→ Problem to work on:
The answer is to be the lines below that lie between the line holding "Building Photo - 1056 Martin St" and the line holding "Uji coba makan bergizi gratis di Surabaya", inclusive, transcribed exactly and free of pictures.

→ Given information:
========================
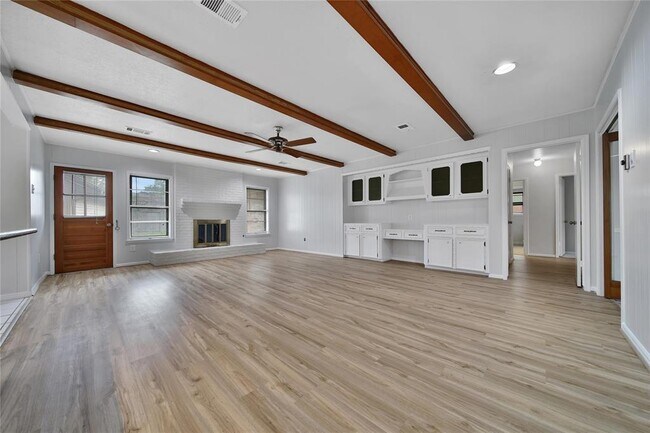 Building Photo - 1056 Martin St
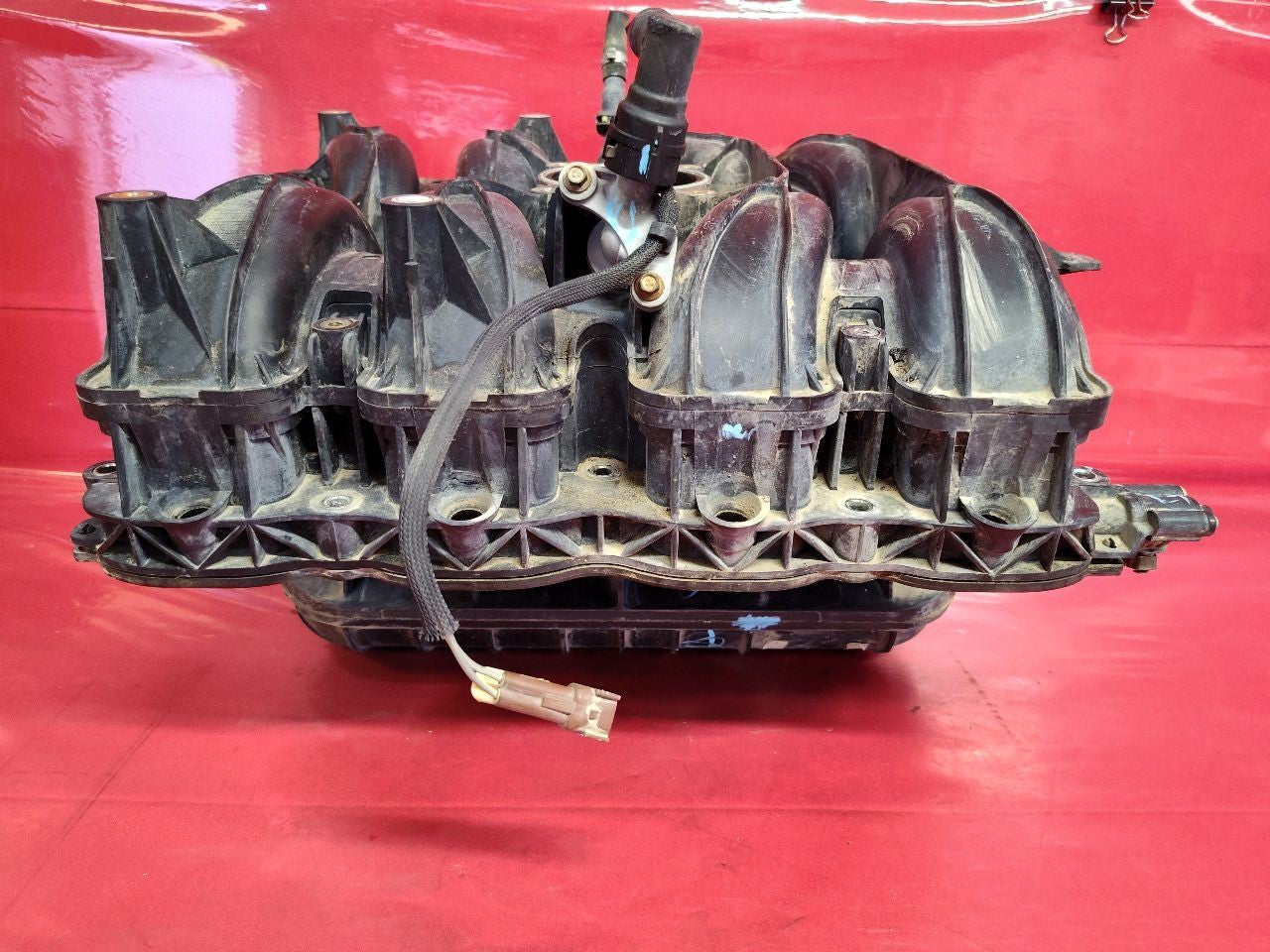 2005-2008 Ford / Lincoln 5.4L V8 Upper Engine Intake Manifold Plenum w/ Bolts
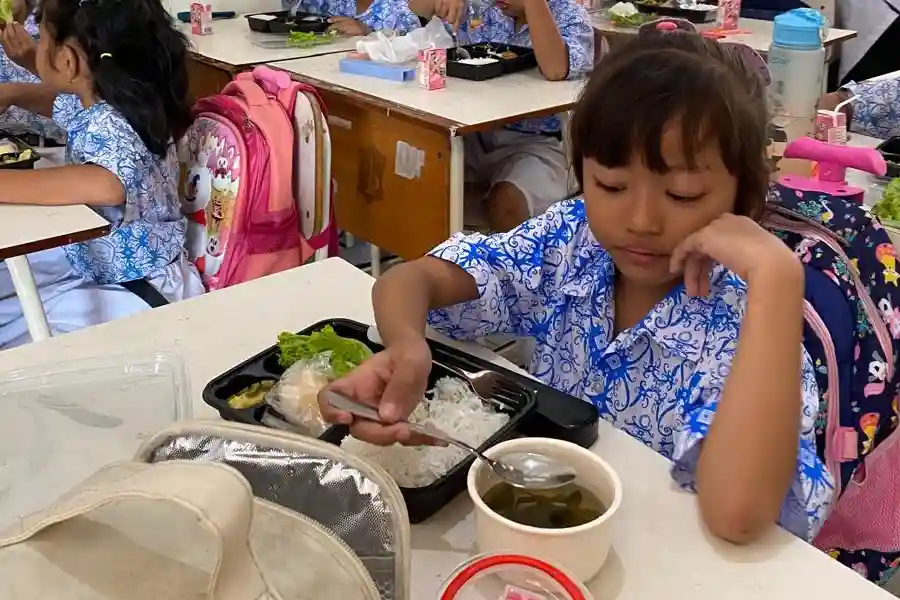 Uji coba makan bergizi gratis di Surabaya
========================
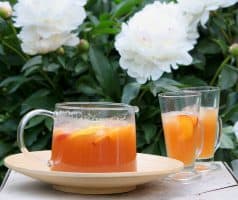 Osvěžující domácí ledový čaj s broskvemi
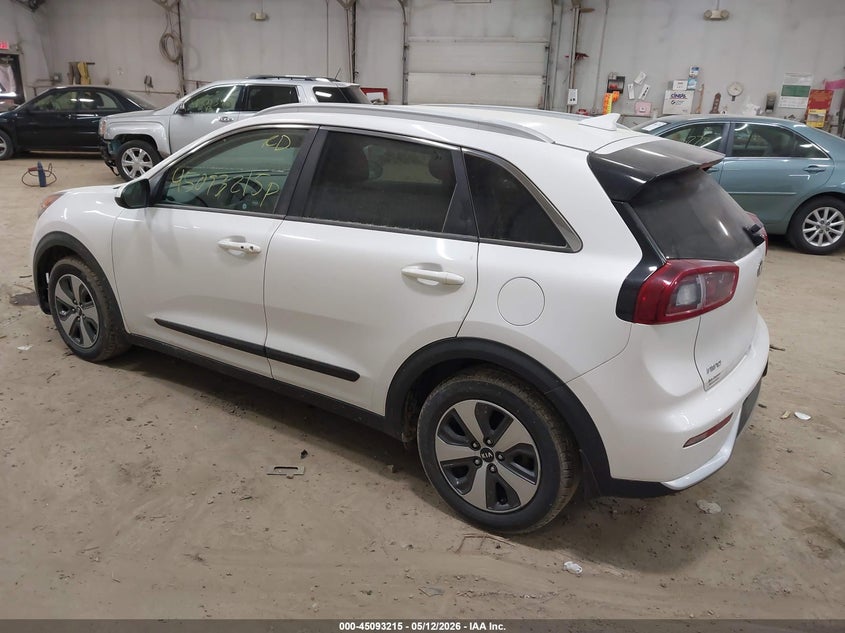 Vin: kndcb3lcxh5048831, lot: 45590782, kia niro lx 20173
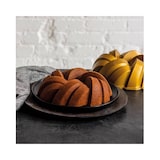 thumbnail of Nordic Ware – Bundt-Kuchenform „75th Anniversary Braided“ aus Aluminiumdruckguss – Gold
========================
→ Finished task:
 Building Photo - 1056 Martin St
 2005-2008 Ford / Lincoln 5.4L V8 Upper Engine Intake Manifold Plenum w/ Bolts
 Uji coba makan bergizi gratis di Surabaya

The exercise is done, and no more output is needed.